La paix commence à se dessiner en Colombie : le président Juan Manuel Santos et le numéro un des Farc Timoleon Jimenez, dit "Timochenko", se réunissent pour la première fois mercredi à La Havane, prélude à une possible annonce décisive.
A cette réunion, prévue à 17H00 (21H00 GMT), "seront présents le président Santos, le président (cubain) Raul (Castro) et le commandant +Timochenko"+, a annoncé à l'AFP une source au sein de la délégation des Farc à Cuba, où sont menées les négociations de paix depuis novembre 2012.
Il s'agirait alors du premier face-à-face entre le président Santos et le chef des Farc, recherché pour homicide aggravé, terrorisme, enlèvement et rébellion. Ce serait aussi la première fois depuis 14 ans qu'un président colombien rencontre le dirigeant des Farc.

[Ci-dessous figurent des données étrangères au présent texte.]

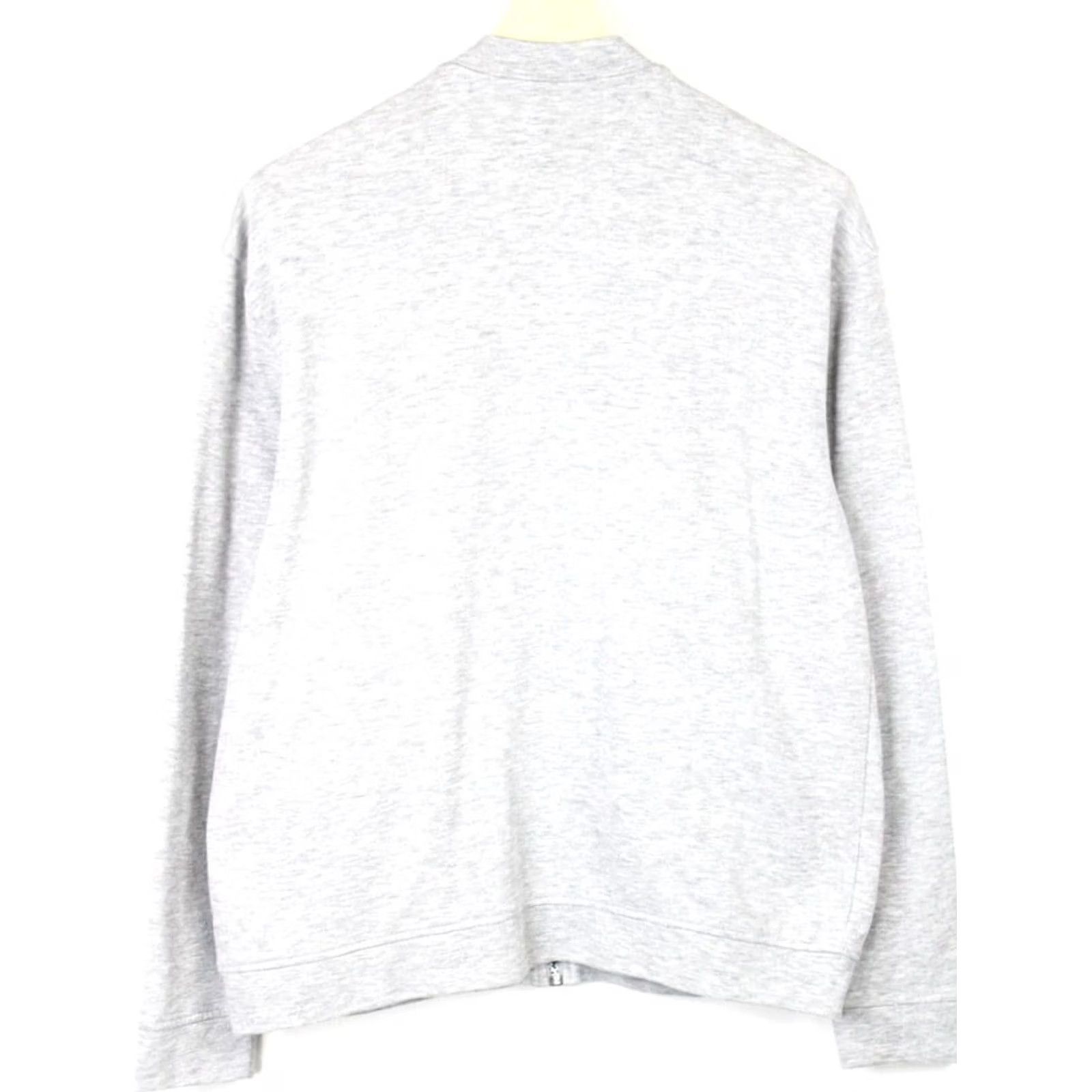 Cheap Monday Cheap Monday Swipe Sweatshirt Men's MEDIUM Bomber Style Grey Melange Size US M / EU 48-50 / 2 - 2 Thumbnail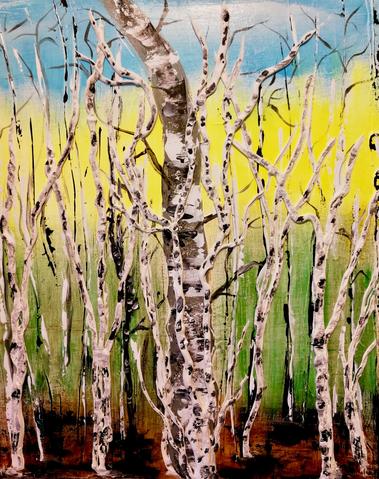 Ipperwash Birch paint night by paint and cocktails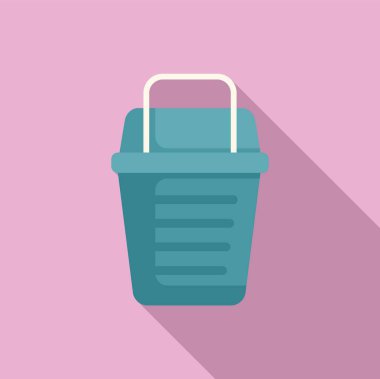 Buz balıkçılığı sepeti düz vektörü. Kamp sezonu. Fisher olayı Kuzey Kutbu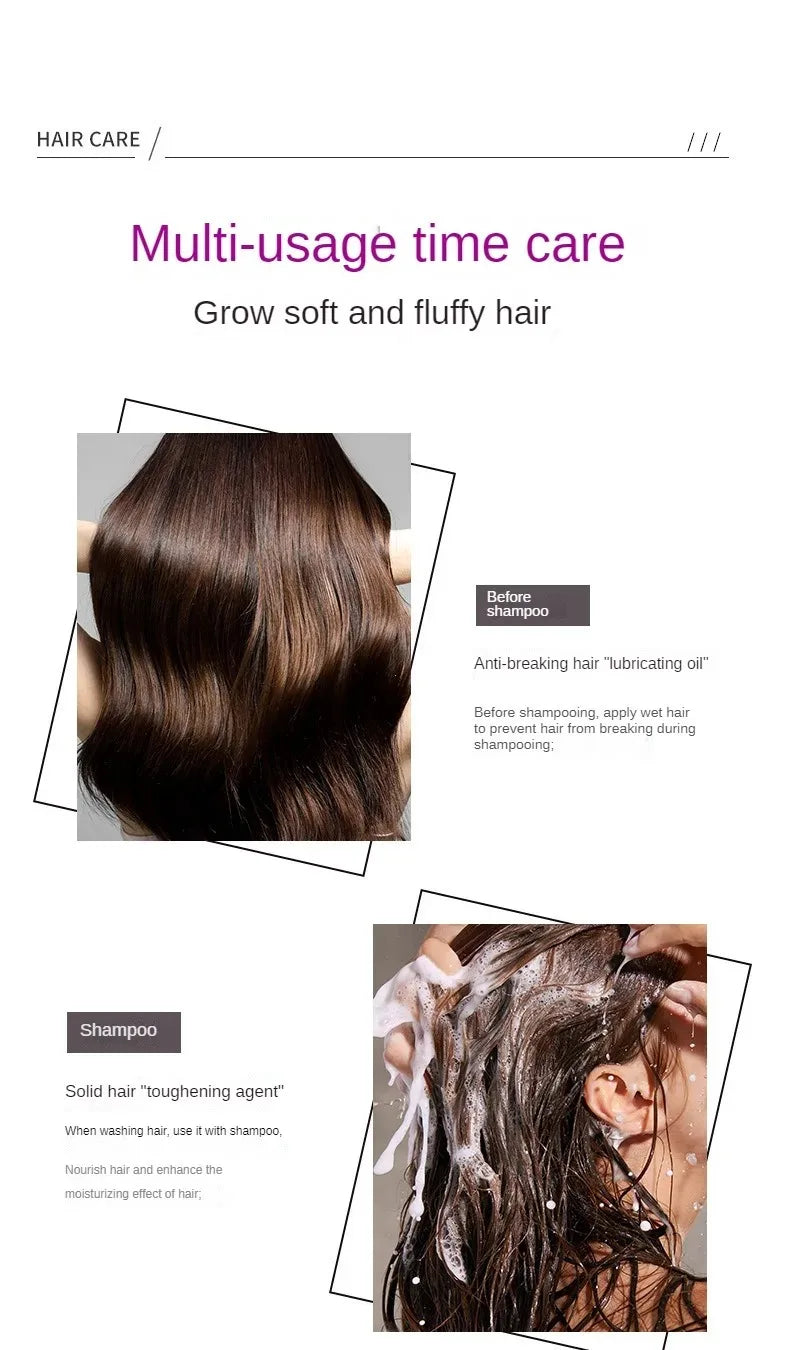 Rose Essential Oil Hair Repair Capsules for Dry Frizzy Hair - 14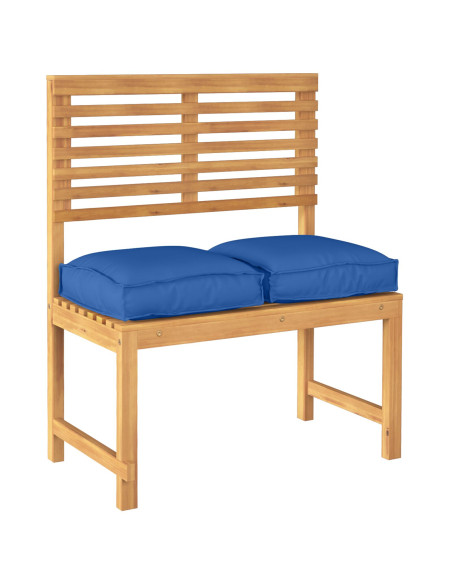 Cuscini per pallet  per seduta 2 pcs Blu reale 40x40x8 cm Tessuto Oxford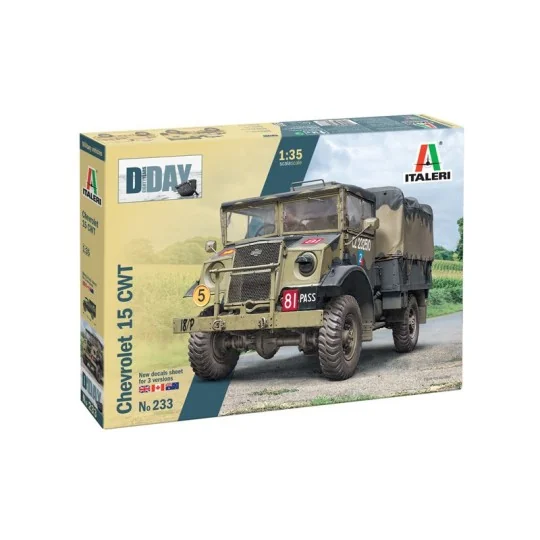 Chevrolet 15 CWT 1/35 Italeri Italeri I233 - 2 I233-Chevrolet 15 CWT 1/35 Italeri - I233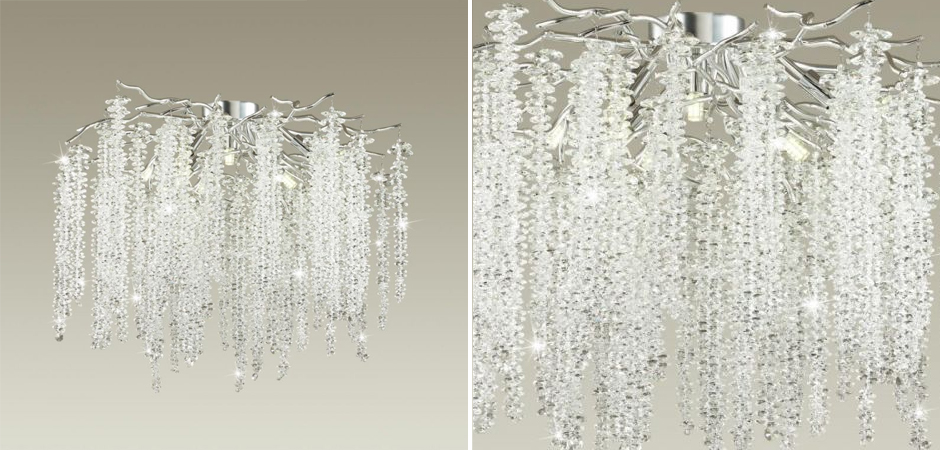 Люстра Хрустальная Fairy Tree Silver на 8 ламп Люстра Хрустальная Fairy Tree Silver на 8 ламп - Loft-Concept в Ульяновске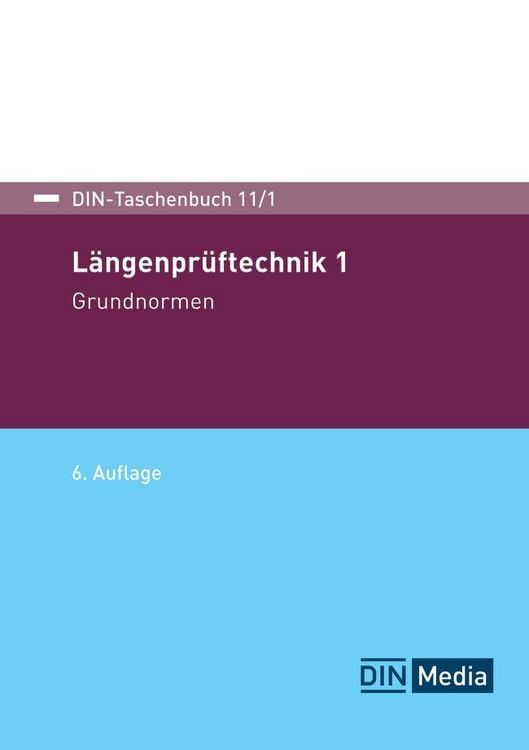 Produktbild: DIN-Taschenbuch 11/1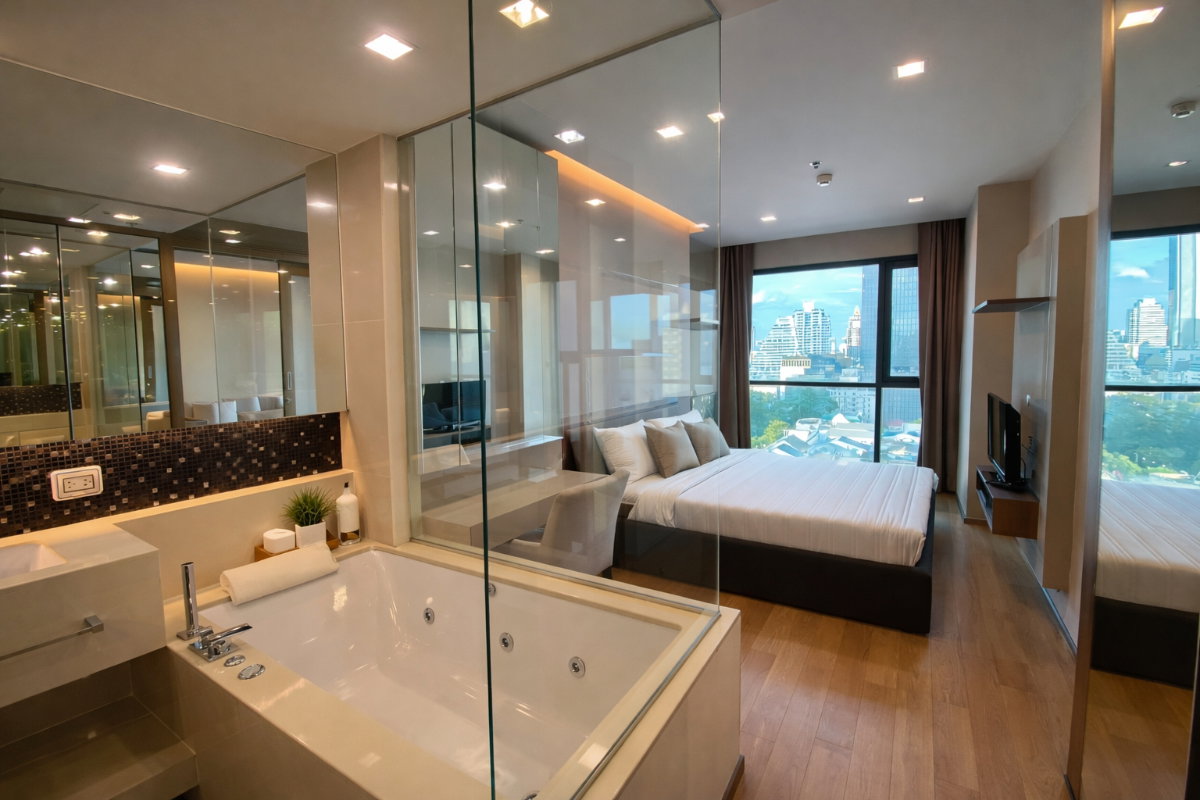 รูป 🍀🍀🍀modern room💙ให้เช่า📍 ดิ แอดเดรส สาทร 🌹🌹 (Line:@rent2022) พร้อมเข้าอยู่ ✨ A07980 - รูปที่ 6/12
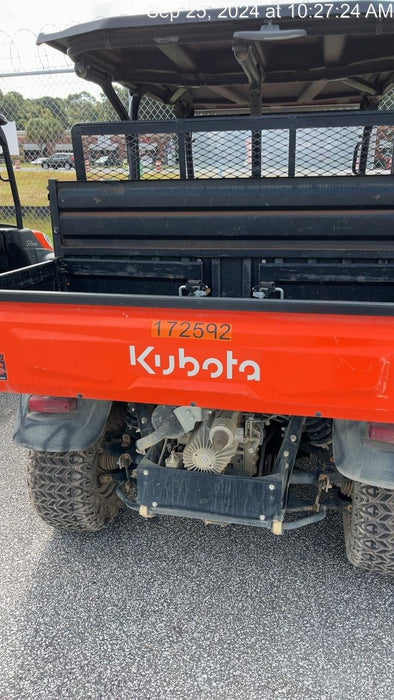 2021 Kubota RTV-X1140W-H Plastic Canopy, Windshield Acrylic Clear, LED Strobe Light, Wire Harness Kit, Back up Alarm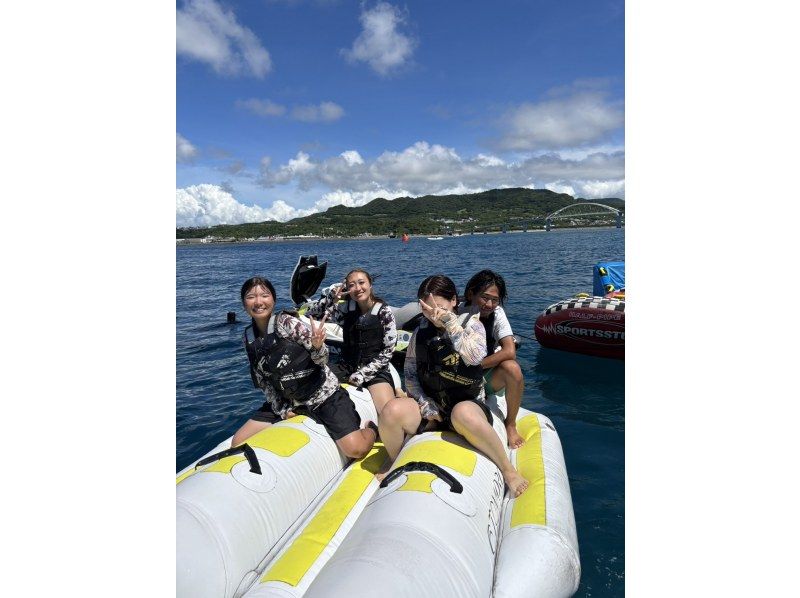 【沖縄・本部】★わくわくドキドキ　ボートシュノーケル＆マリンパック3セット！！ 初めてでも安心、インストラクターと沖縄の海を満喫の紹介画像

Un peu plus tôt, M. Santos avait annoncé sur son compte Twitter qu'il ferait escale dans la capitale cubaine "pour une réunion clé avec les négociateurs afin d'accélérer la fin du conflit".
"La paix est proche", a écrit le président, sans mentionner la présence du leader rebelle ni la durée de son séjour. Il est ensuite attendu à New York pour l'Assemblée générale de l'ONU.
C'est la première fois que le chef de l'Etat colombien se rend à la table des négociations de La Havane depuis le début des pourparlers de paix il y a près de trois ans. En août dernier, il avait envisagé pour la première fois une rencontre avec le chef des Farc.
Timoleon Jimenez "Timochenko", dont le vrai nom est Rodrigo Londonio Echeverri, âgé de 56 ans, se serait déjà rendu à Cuba cet été pour rencontrer les négociateurs, malgré la centaine de mandats d'arrêt émis contre lui.
Tout semblait indiquer mercredi que cette réunion porterait sur la justice, volet crucial des pourparlers de paix censés mettre fin à plus d'un demi-siècle de conflit, le plus ancien d'Amérique latine et le dernier encore en cours sur le continent.
"La justice est le noeud des négociations de paix", a assuré la présidence dans un communiqué, insistant sur le fait qu'un accord sur ce thème constituerait "un point de non-retour".
- Les mots du pape François -
Ce voyage "signifie qu'un accord sur la justice transitionnelle a déjà été trouvé", estime Jorge Restrepo, directeur du centre d'études spécialisé dans le conflit colombien (Cerac).
"Cela marquerait la fin de la phase de conflit et l'entrée dans la phase de transition vers le post-conflit", explique l'analyste.
Le 11 septembre dernier, le numéro deux des Farc Ivan Marquez avait assuré que les parties se trouvaient "aux portes" d'un accord sur ce thème, même si elles s'accusent d'atrocités dans ce conflit qui a fait officiellement quelque 220.000 morts.
A ce jour, les négociations ont permis de régler trois des six points figurant à l'ordre du jour, mais la question la plus épineuse demeurait celle de la justice transitionnelle pour les rebelles démobilisés.
Les Forces armées révolutionnaires de Colombie (Farc, marxistes), la plus importante guérilla du pays avec 7.000 combattants, refusent un accord impliquant de la prison pour ses guérilleros. De son côté le gouvernement se dit opposé à toute impunité.
Une sous-commission juridique paritaire a été chargée de définir des processus de sanction pour les auteurs de crimes contre l'humanité dans les deux camps. Elle s'est réunie à plusieurs reprises pour de brèves séances depuis fin juillet, en parallèle des discussions de La Havane.
Deux autres thèmes restent à l'agenda des pourparlers : la réparation aux victimes et les modalités de ratification d'un accord de paix définitif.
En voyage à Cuba ces derniers jours, le pape François avait lancé dimanche un appel pressant à un succès des négociations de paix colombiennes, estimant qu'"un échec de plus n'est pas permis".
Depuis le 20 juillet, les Farc observent un cessez-le-feu unilatéral, se réservant le droit de répliquer en cas d'attaque de l'armée.
De son côté, le gouvernement colombien a ordonné la suspension des bombardements contre la guérilla et envisage d'autres mesures pour favoriser une "désescalade" du conflit.
Ce conflit, auquel ont aussi participé d'autres groupes rebelles de gauche, des paramilitaires de droite et des narcotrafiquants, a fait au moins 220.000 morts et 6 millions de déplacés depuis plus de cinquante ans.